Holy crap, everything about that car is beast mode! So the box is solid carbon fiber? Did you just lay layer after layer and mill the holes?? My brain hurts.


----------



## Nautiluz (Mar 16, 2009)

speakerpimp said:


> Holy crap, everything about that car is beast mode! So the box is solid carbon fiber? Did you just lay layer after layer and mill the holes?? My brain hurts.

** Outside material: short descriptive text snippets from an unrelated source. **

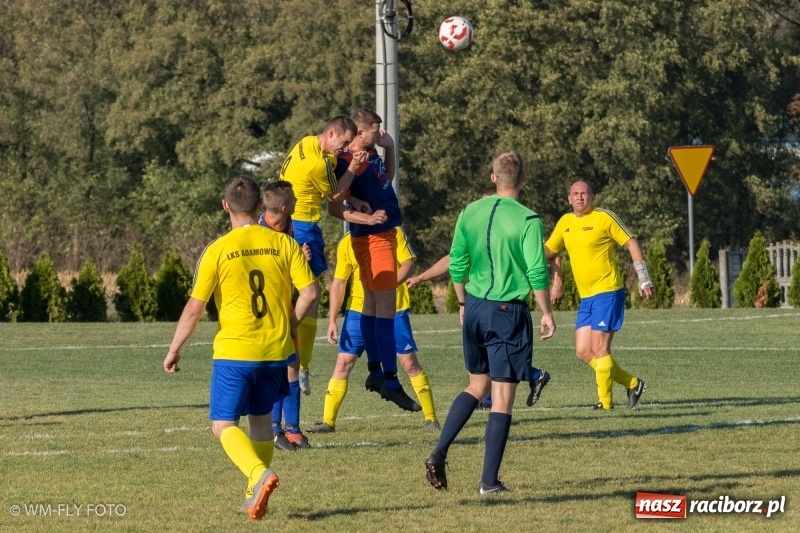 Zdjęcie w galerii na portalu naszraciborz.pl: Strzelanie rozpoczęli dopiero po przerwie. Adamowice pokonały Górki Śląskie wiadomości z regionu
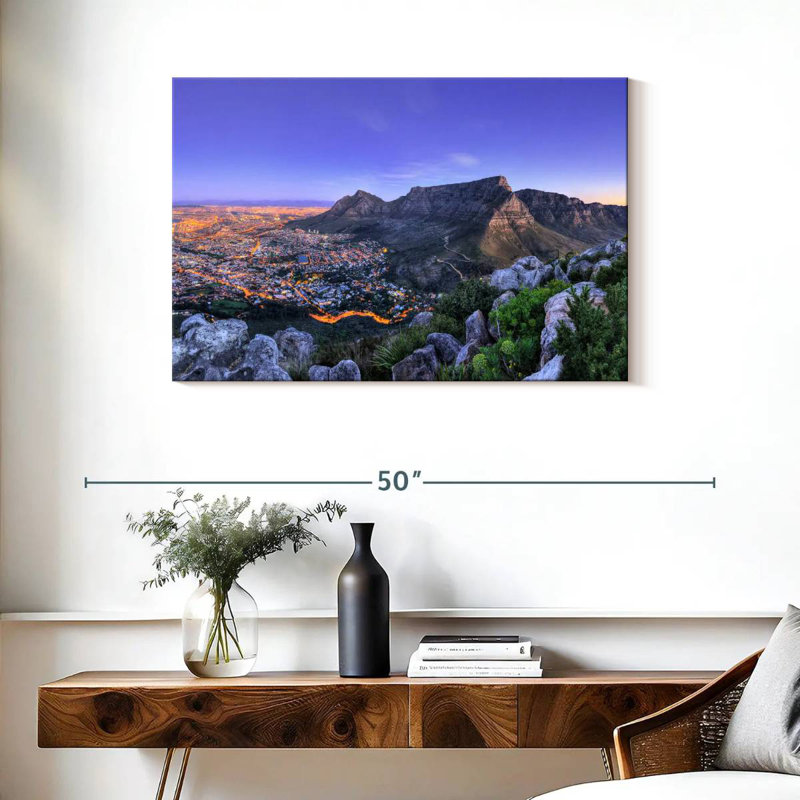Nicci Cape Town Charm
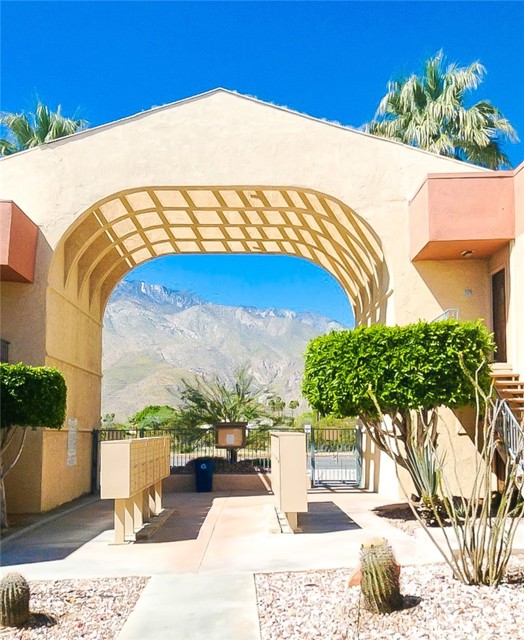 Detail Gallery Image 26 of 37 For 400 N Sunrise Way #261,  Palm Springs,  CA 92262 - 1 Beds | 1 Baths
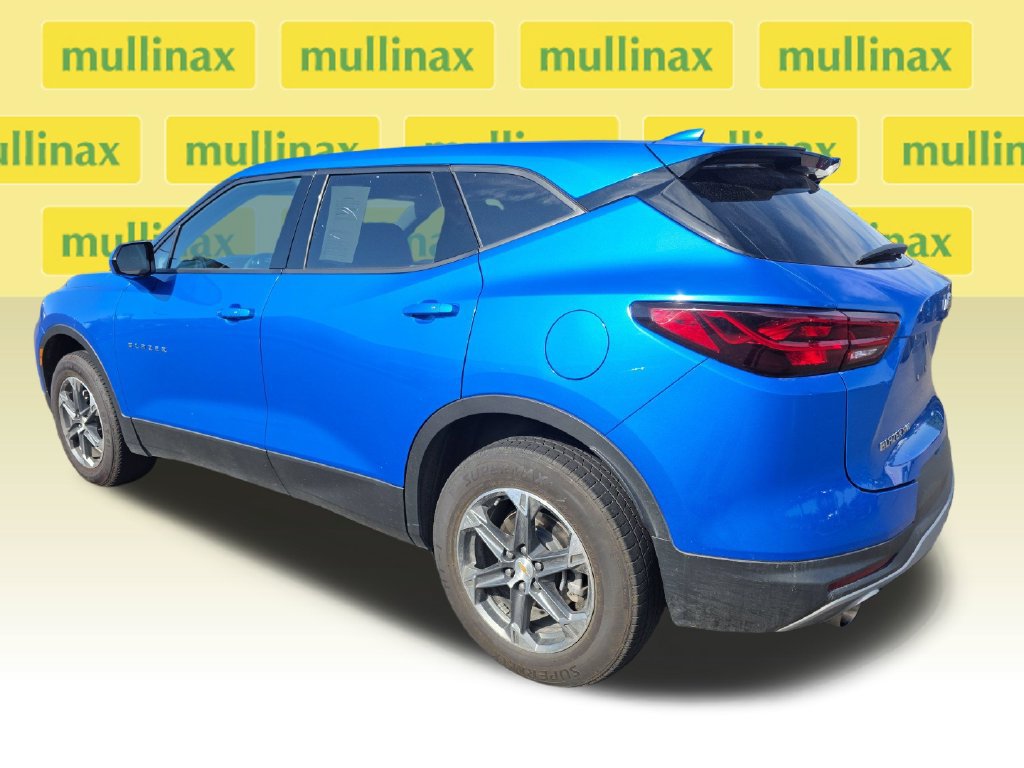 Used 2025 Chevrolet Blazer LT AWD/4WD image 11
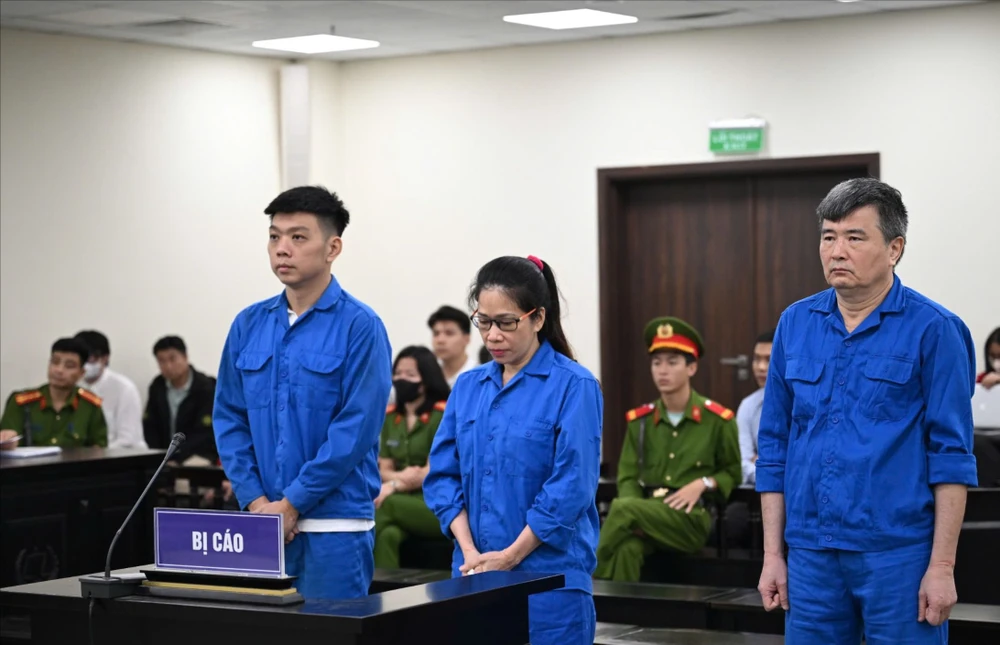 Bộ Công thương các bị cáo tại phiên tòa.jpg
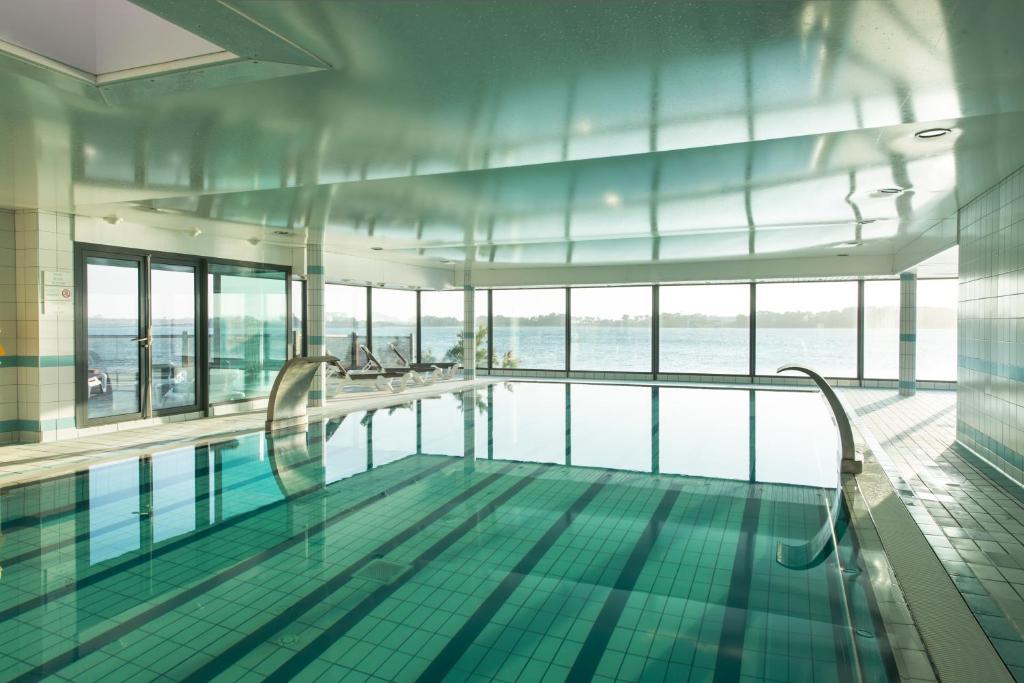 Residences Valdys Thalasso & Spa De Rockroum Роскоф Экстерьер фото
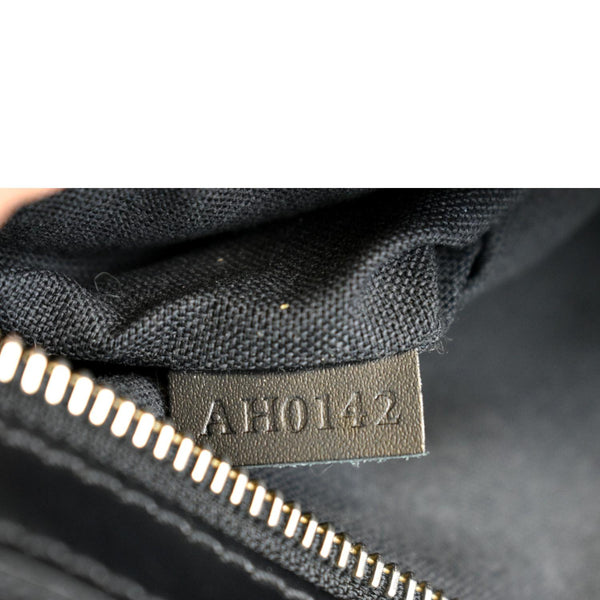 LOUIS VUITTON Bosphore Pochette Damier Graphite Messenger Bag Black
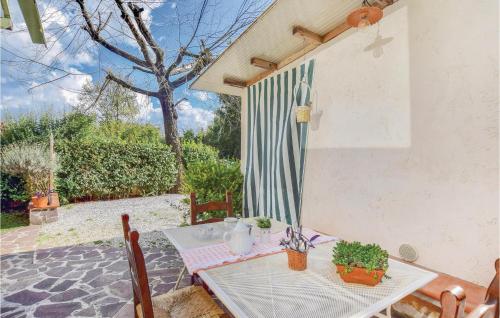  Nice Home In Camaiore -lu- With 3 Bedrooms And Wifi in Camaiore
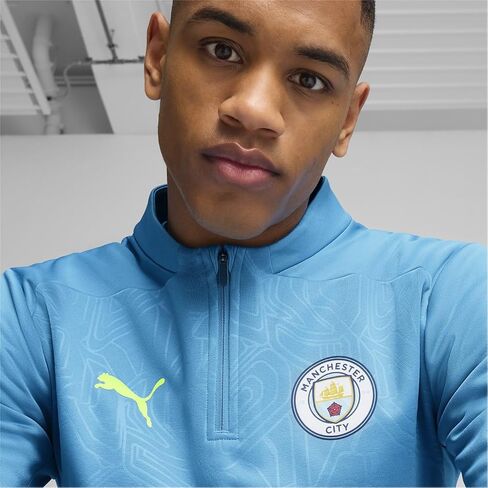 PUMA Manchester City Training 1/4 Zip Hybrid Top in Saudi Arabia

The box is not solid carbon then it would be heavy. It is made with sandwich, that is why the weight is so low not the carbon itself.


----------



## Nautiluz (Mar 16, 2009)

FLYONWALL9 said:


> This reminds me of my door panel build... Well aside from using carbon, not
> on a poor mans budget.
> 
> 
> ...


Do you have a finnished picture of the pannels?


----------



## FLYONWALL9 (Nov 8, 2009)

I HATE to say, no not 100% done. Maybe before I die I'll get them wrapped.


----------



## GlasSman (Nov 14, 2006)

Nautiluz said:


> Know this is an car audio forum, but here are some pictures from the rest of the car upgrade.


No apology needed.

_*ANY*_ install pics in a vehicle of this magnitude are more than welcome.

Excellent work so far....looking forward to the final product.


----------



## bigaudiofanatic (Mar 1, 2009)

Mother of god what a beautiful build.


----------



## DeanE10 (Apr 19, 2011)

Loving the progress so far!


----------



## jriggs (Jun 14, 2011)

Sorry to bring this post up again, but wow!

I am especially interested in the iDrive to p99rs. Any details? Anyone else been able to do this? 

I am considering a 2009 X5 xdrive30i and would love to keep the p99rs.


----------



## Tnutt19 (Dec 22, 2010)

Awesome build! Are you using any kind of grills for the 5W2 BE drivers in the doors?
Those are great sounding speakers!!


----------



## MajorChipHazard (Feb 10, 2008)

Wow,great work!Awesome looking car too


----------



## vivmike (May 24, 2013)

Holy ****, this is very nice.

Makes me not want to look at my set up anymore.


----------



## audio+civic (Apr 16, 2009)

My jaw is on the floor!!!


----------



## sirbOOm (Jan 24, 2013)

I mean... I've seen better.















NOT! WWWOOOOOOOOWWWWWWWWWWWZZZAAAA


----------



## kapone (Sep 22, 2009)

Sweet build.

That iDrive knob integration is particularly awesome. I intend to do the same soon in my 740i (which doesn't have iDrive either) to control the carPC.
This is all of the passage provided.